Lauren Hendry Parsons, privacy advocate at ExpressVPN, warns, though, that while “invasive” location data collection can easily be accessed by hackers, there are other real-world implications young people need to consider when broadcasting their whereabouts. 

“Even if you judge this to be a low likelihood risk for your situation and ‘being hacked’ might feel like sci-fi or high drama and unlikely to happen in your life, there are risks that you need to consider much closer to home,” she says. “People need to consider what happens if they’re no longer friends with someone or have broken up with someone who they’ve previously shared their location data with.”

According to a recent ExpressVPN survey, as many as one in four people regularly track their ex-partner’s real-time location using location-sharing apps like Find My Friends.

“This type of surveillance can lead to risks beyond cybersecurity and potentially be used as a tool of coercive control, especially if the breakup wasn’t on good terms,” Hendry Parsons cautions. “After a relationship ends it’s essential to promptly revoke access or change your password.”

For their part, many Find My Friends users have given the privacy implications at least a little thought.

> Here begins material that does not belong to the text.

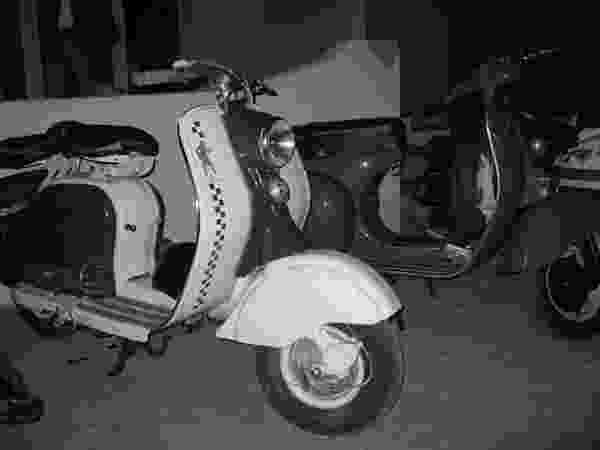 Voir l'image Vespa_muguet_Riquets_014.jpg en taille relle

“At college, I had lots of people on the app, and afterward, especially during COVID, I realized that I didn’t want as many of those people that I wasn’t seeing so often to be able to see my location all the time,” Khan says. “If you’re going to your family’s house and everyone can see where your family lives… I did end up deleting a lot of people that I wasn’t very close to from Find My Friends for that reason. Now mine is always switched on, but that’s because I only have about five or six people on there. So I don’t really worry about [privacy] anymore.”